If approved by a judge, the wide-ranging proposal would sharply cut payments to some retirees and creditors. Pension holders could expect to get 70 percent to 90 percent of what they are owed; many banks would receive as little as 20 percent.
The plan, which is sure to be the subject of court challenges, envisions a leaner, cleaner and safer Motor City after its crushing financial burdens are lifted.
"There is still much work in front of all of us to continue the recovery from a decadeslong downward spiral," Kevyn Orr, the city's state-appointed emergency manager, said in a statement.
Gov. Rick Snyder called the plan "a critical step forward." But it leaves unanswered many questions, including whether creditors and labor unions will accept the deal or fight it, and how long that process might take.
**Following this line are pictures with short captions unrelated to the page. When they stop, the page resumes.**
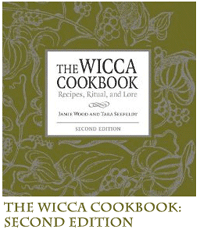THE WICCA COOKBOOK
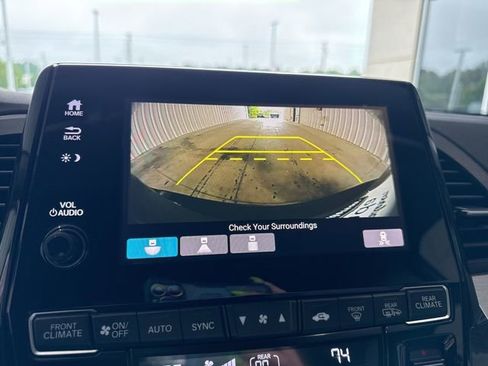 Certified 2019 Honda Odyssey EX-L image 14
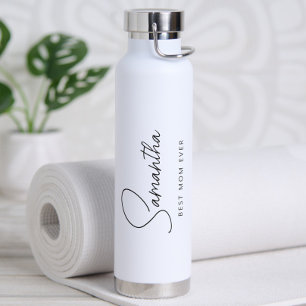 ミニマ最高のルママ ウォーターボトル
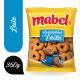 Biscoito Rosquinha Leite Mabel Pacote 350G - Imagem 1000033793_1.jpg em miniatúra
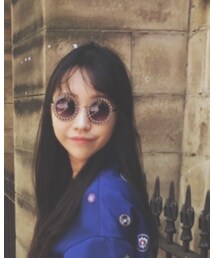 NASTY GAL | サングラス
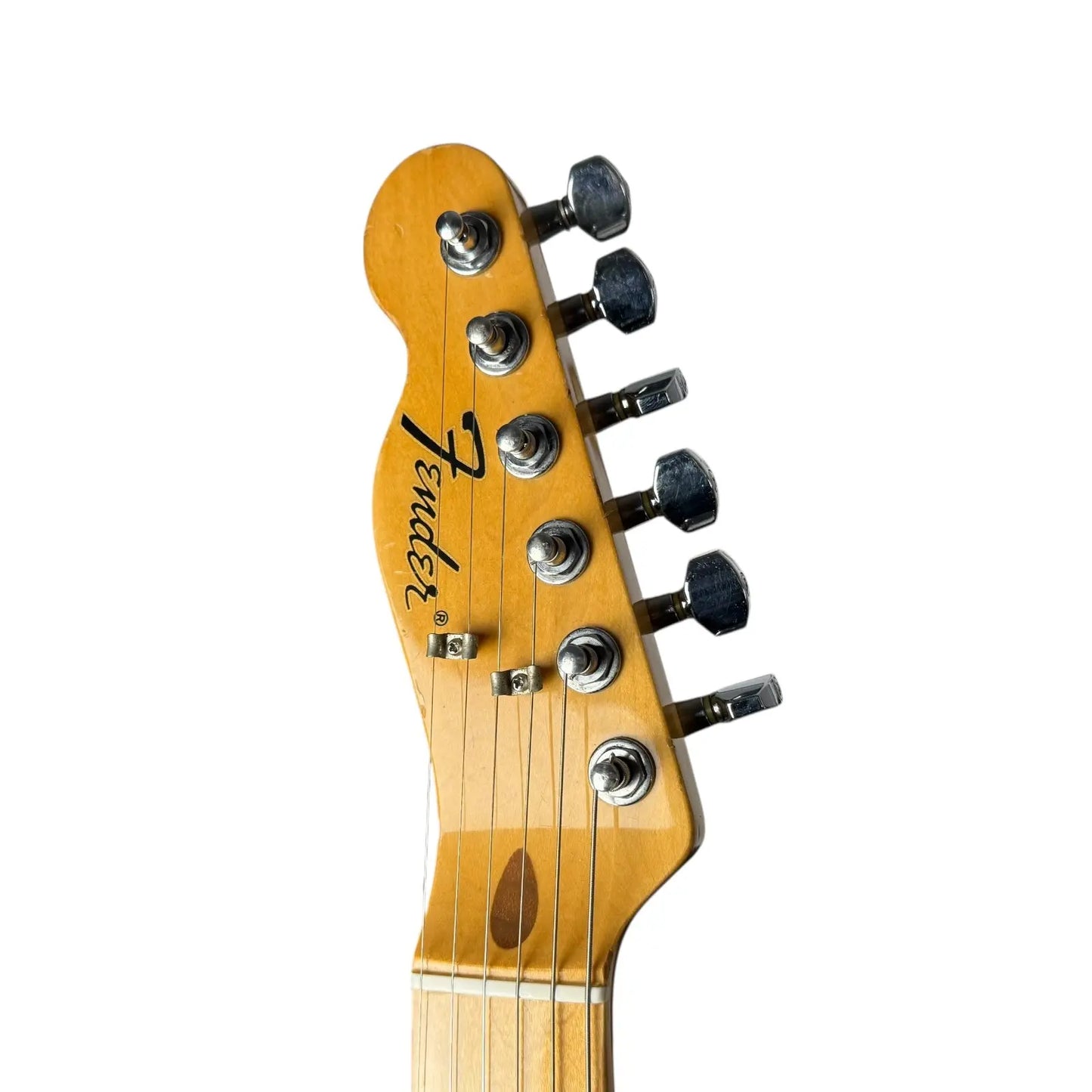 Such Pat´s Guitars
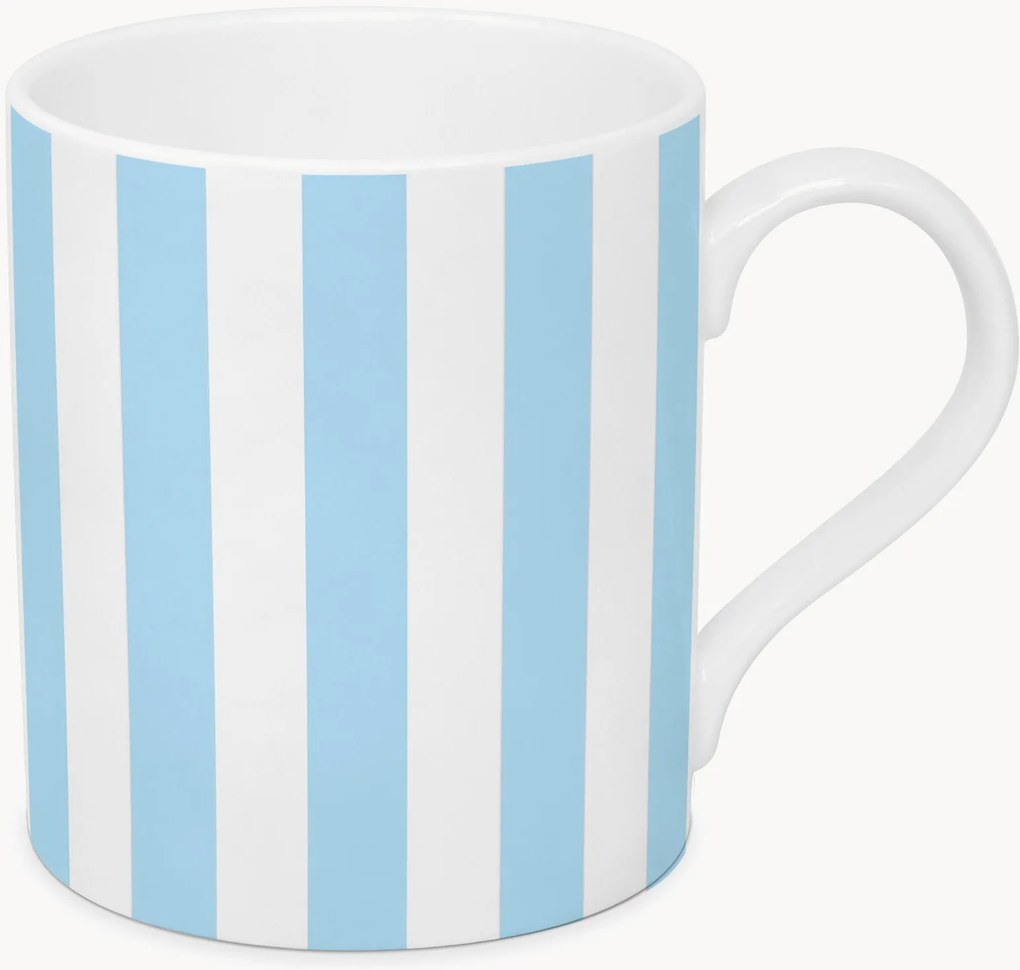 Caneca Light Blue
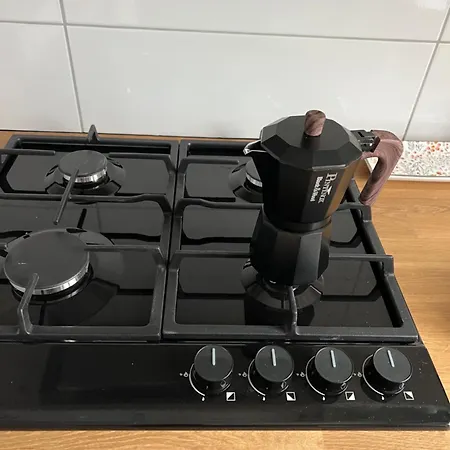 Zielona Ochota Appartement Warschau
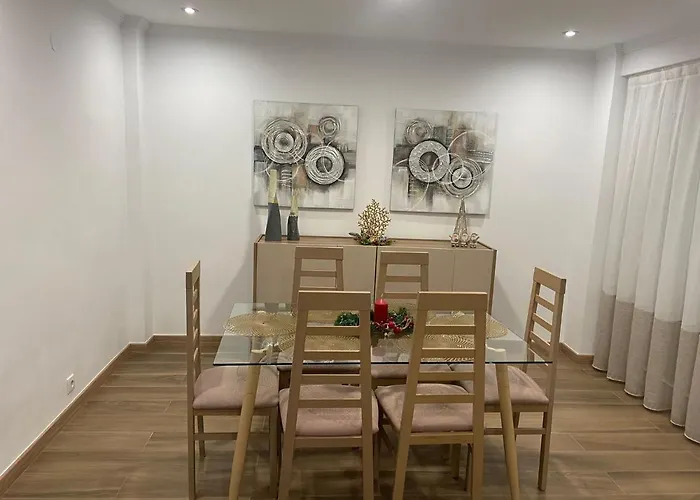 Casa Julita Con Parking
Orr has said he would like the city to emerge from the nation's largest municipal bankruptcy by the fall, when his term is up.
Bankruptcy attorney and St. John's University law professor Anthony Sabino said the plan could spark an argument between city workers and retirees and police and firefighters.
The package calls for awarding police and fire retirees at least 90 percent of their pensions after eliminating cost-of-living allowances. Other retirees would receive at least 70 percent.
Orr "wants to have the firefighters and police have 90 percent and other city workers cut back to two-thirds," Sabino said Friday. "The other unions will say, 'Even if we're uneven, we should be closer.' It does create an inequity that is going to have to be addressed in court."
The city wants to spend $500 million to knock down up to 450 decaying, abandoned properties each week. Those buildings are Detroit's most visible eyesores and magnets for criminal activity.